Очень некстати: так хорошо молчать под улетающим ввысь безоблачно-серым небом, в нежном покое уходящего дня. Я не ответил. Я ещё не хотел начинать.

— Теперь вы начали понимать, — не вопрос, а скорее утверждение, и я повернулся к нему, одолевая подступавшую ярость:

— У вас нет права меня торопить! Два месяца вы меня продержали в потёмках — теперь моя очередь, ясно!

— Нет, — сказал он спокойно. — Я вам времени не дам. Вы мне слишком нужны.

— А иначе что? «Или-или»?

— Вы это сами придумали, — ответил он. — Мне не нужна ваша смерть. Мне нужны вы.

Он сидел, тяжело опершись на колени, — уже не властный, непроницаемый Охотник, не дерзкий пришелец, готовый менять судьбы мира, а просто одинокий измученный человек, изнемогающий под тяжестью взваленной ноши. Наверное, только мне он мог показаться таким, и наверное потому я ему нужен. Только поэтому? Нет, сейчас я не мог его пожалеть, потому что он мне ещё нужнее. Чем нужней мы друг другу, тем отчаяннее надо драться сейчас за наше будущее, за то, чтобы мы не стали врагами.

— Вы зря боитесь меня, Тилам, — сказал он устало. — То, что я от вас хочу, вас не унизит.

— Вы слишком привыкли решать за других. Я не люблю, когда за меня решают.

— Да вы ведь сами все решили. Видели же Квайр?

— Да.

Да, я увидел Квайр, и это все меняет. До сих пор — в лесу — я не то чтобы представлял его другим — просто не представлял. Непривычная речь, дурацкая одежда, нелепые ружья — это все антураж, а за ним обычные люди. А оказалось, что все не так. Действительно, по-настоящему чуждый мир, настолько чужой, что только усилием воли я заставлю верить в его реальность. И в этом чужом, чуждом мне мире мне теперь предстоит жить и умереть.

«Чужой» — говорю я себе — и знаю: не настолько чужой, чтобы я не сумел в нём жить, и я скоро его пойму, но я совсем не хочу понимать, мне нужен мой мир, единственный, распроклятый, который я не понимал никогда, и ошибался, и жестоко платил за ошибки, но он был мой, и я теряю его, теряю сейчас, в эту самую минуту, а не тогда, когда убежал из него.

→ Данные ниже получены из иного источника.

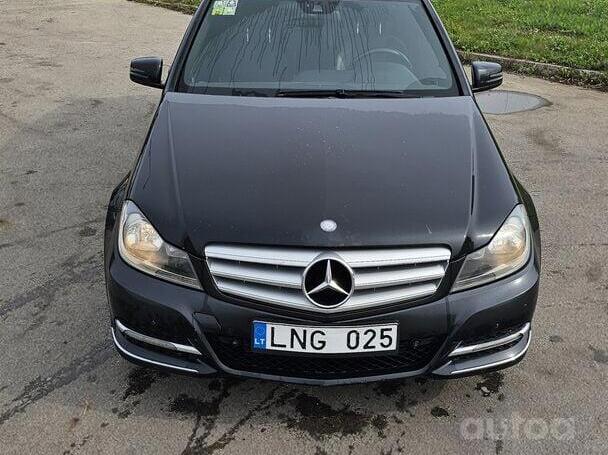 Mercedes-Benz C-Class W204/S204/C204 [restyling] wagon 5-doors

«Чужой», — говорю я себе — и знаю: он ненадолго будет чужим, у меня уже есть друзья и есть дело, да, хочу я того или нет, но оно есть, я решил — это бесповоротно, но это совсем не моё дело, не то единственное, которое я люблю. Хорош или плох этот мир, но физику Бэрсару в нём делать нечего.

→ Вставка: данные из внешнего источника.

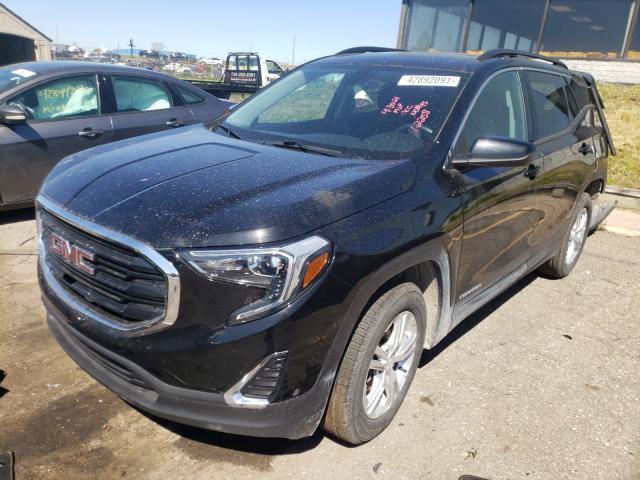 2018 GMC TERRAIN SL 3GKALMEV6JL382258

Я вспомнил о том, что ещё не успел завершить, о главной, ещё никому не известной работе, и чуть не завыл от отчаянья и тоски. Хотя они и ославили меня наглецом, авантюристом в науке, оскорбителем авторитетов, я так и не посмел никому сказать, что сражаюсь со знаменитым уравнением Атусабра, и мне немного осталось, чтобы его решить. Не посмел, потому что за этим стояла вещь, ещё более кощунственная, чем движение сквозь время — власть над гравитацией, и я бы её победил! Да, я бы её победил!

В корчах утраты я почти позабыл о Баруфе, а он сидел себе тихо, ждал, пока я перестану ёрзать и меняться в лице, и его снисходительность разозлила меня.